Robots taking jobs?

Posted: May 24, 2017

Students factor rise of technology into future careers

“My neighbor. . .lost his job to outsourcing and automation, kind of a combination,” said economics teacher David Hoffner. “The idea, in economics, is that [when that happens] you need to retrain, you need to get educated. Learn more skills. And he literally couldn’t. He never finished high school. He tried. He tried to work at Toro. You had to have basic algebra to work the Toro machines. [He] couldn’t do it.”

Looking to a 2013 study from Oxford University’s Department of Engineering Science, it appears that automation on a mass scale is looming in America.

According to the study, 47 percent of all jobs in the United States are able to be automated.

“The reason that people are saying this is that the level of sophistication in automation has increased, I think, to a degree that work previously considered to be uniquely human will be automated,” Hoffner said.

There is an obvious incentive for businesses to automate these jobs: robots can work longer hours than humans, and for no pay other than the cost to build the robots. The increased efficiency of robots is an incentive that will drive companies to automate these 47 percent of jobs in the coming years, assuming there is no “robot tax” or other obstacle put in their way.

In addition, once the technology is developed to replace one type of job, that type of job will quickly disappear, as it would just be a matter of making more robots. “Ten percent of our [labor force] is in transportation. Delivery services, taxis, semi-truck drivers, all of that [is transportation], which is a shockingly high number, and yet if that is all automated overnight, that would be structural unemployment faster than in the past,” Hoffner said.

Clearly, huge percentages of people will end up without jobs, and many see this as one of the largest problems facing the United States today.

Political candidates have often run on delivering jobs to their constituents, as Donald Trump did in 2016, promising to take jobs back from illegal immigrants and give them to Americans.

However, there seems to be no good reason to promise to take jobs from robots that can do jobs more efficiently, safely and effectively than a human ever could.

“If you only know how to be a cashier, and a clever person in Eagan comes up with a scanner…structurally, you’re done,” Hoffner said. “The likelihood of going back to the person after the robot is nil.”

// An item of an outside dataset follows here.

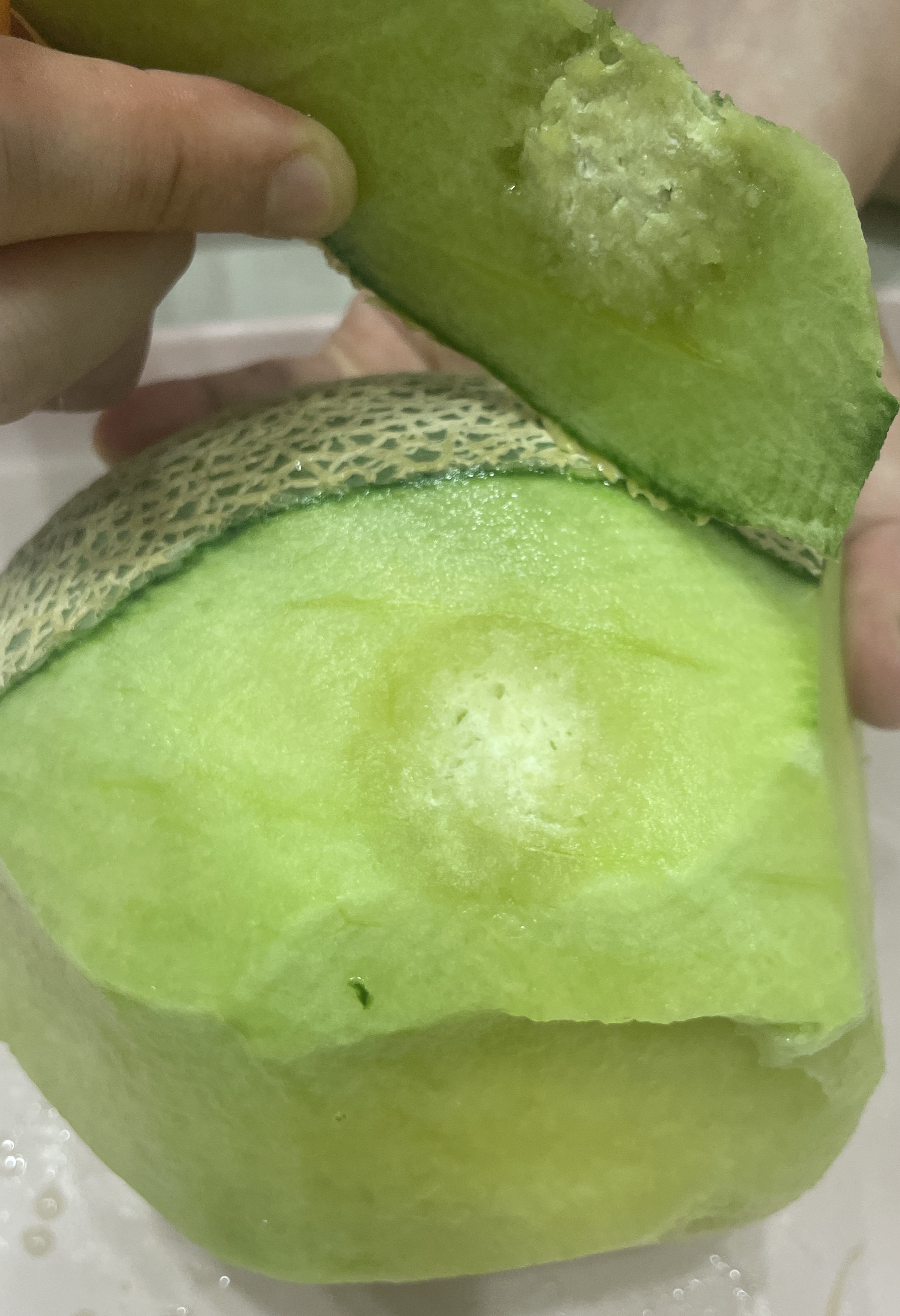 리뷰 사진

Some argue that, even though many jobs will be taken from humans, other jobs will open up.

A historical example is often used: if one were to ask a farmer in 1910 what job they will be working once a robot automates their job, they would not respond, “computer scientist.”

In the same way, some argue that new jobs will open up when old jobs are lost to robots. Some jobs even seem to be completely safe, like a dance instructor or a historian. However, not all are so optimistic about the invention of new jobs.

“I probably, when I started [at Minnehaha] 10 years ago, would have been more optimistic about economic thinking, like, ‘creative destruction! It’s fine! We’ll produce our way out of this. We’ll get more productive,'” Hoffner said. “At this point in my life [I’m less optimistic], and it could be that I’m hitting a middle-age crisis, it could be that Donald Trump is the president, it could be, maybe, less confidence in economic reasoning than I have been used to.”

According to Minnehaha science teacher Sam Meyers, the key question is whether the number of new jobs will offset the jobs being lost. His hunch is “probably not.”  There are philosophies that can safeguard students against having their jobs taken, or at least attitudes that provide a way forward if taken.

“The key thing that I think students have to be able to do is adapt,” Meyers said. “Above all else, a student needs to be adaptable now. Adaptable means being open to anything that comes your way and being willing to put in the time and the training to learn new acts.”

The future is as unpredictable as ever, so what matters is reason why a student does things, not necessarily what they do.

“When I talk about adaptability, it is easy to get caught up in the ‘what,’ it’s easy to get caught up in ‘oh, I want to go into robotics,’ or ‘I just want to go into chemical engineering,'” Meyers said. “The problem is, we can’t see into the future, and this stuff is changing so rapidly that your target can’t be the periphery ‘what,’ the target has to be the center, the ‘why.’ If you can address the ‘why,’ and develop that mentality of being able to change along with everything else, if your ‘why’ can be that adaptability, then the ‘what’ will follow naturally.”

What are the options moving forward for people like Hoffner’s neighbor Brad, who can’t find a job due to structural unemployment?

“You realize with a guy like [Brad], he can’t [retrain],” Hoffner said. “I want to be optimistic and hopeful, but what are his options? Not much. And this then leads over into the universal basic income argument of ‘if half of us are going to be structurally unemployed, how are we going to put food on the table and pay our rent.’ The government will have to have a massively progressive tax on those people who own the automation, and then redistribute that money to people to cover their basic needs.”

“It’s like a Kurt Vonnegut novel, to be honest,” Hoffner said, “We’re living it.”